Thursday, February 21, 2013

Hero Status

For some reason I envisioned the artificial pancreas as being an internal thing: I thought they removed the pancreas and replaced it with technology.

I know. I'm weird. How would you load it with insulin? You wouldn't, that's how.

It's actually an external device.


It's a good thing I wasn't on the team working on this because I
would have screwed it up royally.
Right now it's going thorugh human trials. The continuous glucose monitor on the right monitors the blood sugar. It then communicates instructions to the insulin pump on the left, telling it to increase or decrease the insulin being delivered to the patient. This actually looks very similar to what many diabetics are wearing right now, but at this moment they don't have the whole communicating-together thing. A person still has to read the CGM and then make insulin adjustments on the pump.

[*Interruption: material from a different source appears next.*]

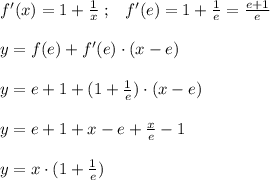 f'(x)=1+\frac{1}{x}\; ;\; \; \; f'(e)=1+\frac{1}{e}=\frac{e+1}{e}\\\\y=f(e)+f'(e)\cdot (x-e)\\\\y=e+1+(1+\frac{1}{e})\cdot (x-e)\\\\y=e+1+x-e+\frac{x}{e} -1\\\\y=x\cdot (1+\frac{1}{e})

But this is why we support JDRF. They funded the research which led to the development of the artificial pancreas, and they fund the research that is making the trials possible. And while we are still years away from this being a reality for any diabetic, we are also years from where we started: when diabetics "managed" thier disease by not eating sugar and had a 1-year life expectancy from diagnosis.

Help us support JDRF: share this blog, tell people about the show, and come yourself. That way on that day in the future, when you meet someone wearing an artificial pancreas, you can say, "I helped fund the research that made that possible." Trust me, you will be a hero.